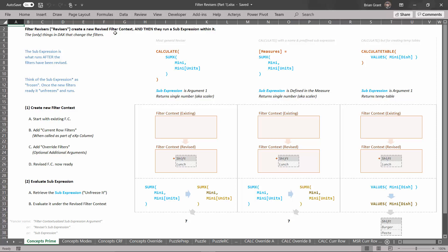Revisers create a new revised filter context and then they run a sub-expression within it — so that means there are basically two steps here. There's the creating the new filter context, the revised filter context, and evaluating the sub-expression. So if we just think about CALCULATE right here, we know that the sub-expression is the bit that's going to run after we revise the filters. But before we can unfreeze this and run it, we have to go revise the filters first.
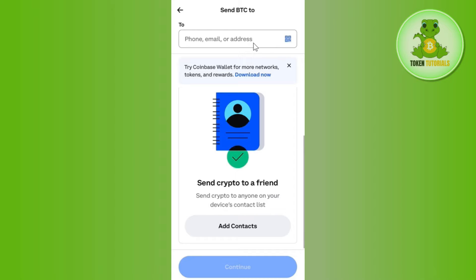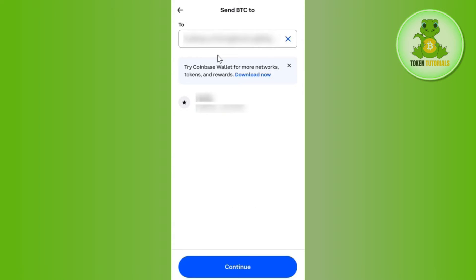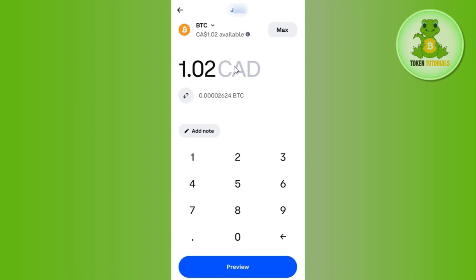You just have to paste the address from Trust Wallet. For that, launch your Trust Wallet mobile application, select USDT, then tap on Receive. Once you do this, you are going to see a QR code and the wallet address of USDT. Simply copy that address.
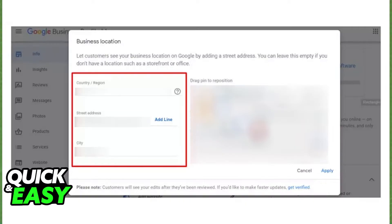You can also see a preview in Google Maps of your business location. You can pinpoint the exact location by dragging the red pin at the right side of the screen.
== == ==
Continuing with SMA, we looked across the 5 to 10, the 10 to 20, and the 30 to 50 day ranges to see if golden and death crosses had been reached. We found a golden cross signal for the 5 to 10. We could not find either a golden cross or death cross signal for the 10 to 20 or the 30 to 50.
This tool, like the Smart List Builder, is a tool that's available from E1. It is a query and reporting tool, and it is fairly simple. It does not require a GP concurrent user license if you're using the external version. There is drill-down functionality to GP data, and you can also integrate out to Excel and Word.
== == ==
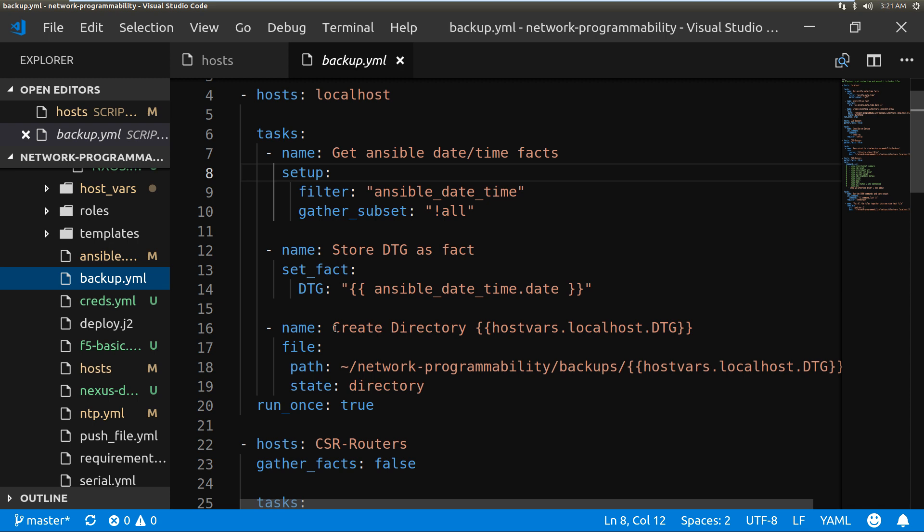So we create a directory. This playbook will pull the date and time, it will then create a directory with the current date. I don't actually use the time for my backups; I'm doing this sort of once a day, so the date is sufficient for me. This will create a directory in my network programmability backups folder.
== == ==
For this exercise, set down the lines in the entries above from the one with "Revisers create a" through the one with "You can also see" exactly as written, without any pictures.

EXERCISE OUTPUT:
Revisers create a new revised filter context and then they run a sub-expression within it — so that means there are basically two steps here. There's the creating the new filter context, the revised filter context, and evaluating the sub-expression. So if we just think about CALCULATE right here, we know that the sub-expression is the bit that's going to run after we revise the filters. But before we can unfreeze this and run it, we have to go revise the filters first.
You just have to paste the address from Trust Wallet. For that, launch your Trust Wallet mobile application, select USDT, then tap on Receive. Once you do this, you are going to see a QR code and the wallet address of USDT. Simply copy that address.
You can also see a preview in Google Maps of your business location. You can pinpoint the exact location by dragging the red pin at the right side of the screen.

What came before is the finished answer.